Il faut espérer que les bibliothèques du Bangladesh jouent un rôle très important dans les mutations de la société actuelle. Les bibliothèques, publiques en particulier, peuvent contribuer à améliorer les taux d’alphabétisation, à créer une prise de conscience quant à l’importance de la participation citoyenne à un certain nombre d’activités gouvernementales, à élever la voix contre la corruption et bien d’autres choses. D’après le Bureau of Statistics, Household Income and Expenditure Survey (chiffres 2005), seuls 1,36 % des habitants du Bangladesh ont accès à un ordinateur, et la moitié de la population environ est analphabète. Grâce à l’aide des bibliothèques publiques, les taux actuels d’alphabétisation peuvent facilement être améliorés. Les bibliothèques scolaires du primaire et du secondaire devraient offrir des cours d’informatique aux élèves pour produire des générations de jeunes qualifiés.

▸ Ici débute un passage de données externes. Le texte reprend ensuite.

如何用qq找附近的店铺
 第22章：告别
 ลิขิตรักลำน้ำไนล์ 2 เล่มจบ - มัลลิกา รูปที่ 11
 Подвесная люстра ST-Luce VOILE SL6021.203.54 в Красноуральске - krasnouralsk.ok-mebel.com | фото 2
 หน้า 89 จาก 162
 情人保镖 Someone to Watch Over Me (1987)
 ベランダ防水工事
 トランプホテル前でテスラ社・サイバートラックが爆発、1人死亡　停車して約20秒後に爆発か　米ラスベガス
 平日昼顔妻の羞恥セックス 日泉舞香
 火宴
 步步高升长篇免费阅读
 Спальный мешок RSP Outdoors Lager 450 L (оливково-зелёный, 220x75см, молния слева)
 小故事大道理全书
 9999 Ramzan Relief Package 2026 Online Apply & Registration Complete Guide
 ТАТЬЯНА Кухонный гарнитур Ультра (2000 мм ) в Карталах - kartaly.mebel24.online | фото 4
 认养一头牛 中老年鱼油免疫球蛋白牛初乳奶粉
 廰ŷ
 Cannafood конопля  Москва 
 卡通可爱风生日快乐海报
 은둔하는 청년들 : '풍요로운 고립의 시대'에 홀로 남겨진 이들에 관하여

La profession de bibliothécaire sera valorisée dans les prochaines années. Chaque année, deux départements de sciences de l’information et des bibliothèques des universités publiques, ceux de Dacca et de Rajshahi, produisent un nombre assez conséquent de futurs professionnels bien formés. On s’attend à ce que d’autres universités publiques comme Jagannath University et Jahangirnagar University créent bientôt des diplômes de licence et de master en sciences de l’information et des bibliothèques, et l’introduction de nouveaux diplômes dans ces disciplines dans d’autres universités publiques contribuera à améliorer encore l’image de ces professions.

Plus généralement, dans un futur proche, le monde entier connaîtra une grande amélioration dans le développement de l’information et des services associés. Les personnes à la recherche d’une information trouveront au bout de leur téléphone portable un expert de l’information capable de répondre à leurs questions. C’est pourquoi les futurs bibliothécaires devront être très qualifiés, proactifs, bien informés, pour interagir avec les publics à la recherche d’information et offrir un service complètement moderne à tous types d’usagers. •

* Traduit de l’anglais par Marine Rigeade

Archiviste-paléographe, Marine Rigeade est titulaire d’un master en sciences historiques, philologiques et religieuses.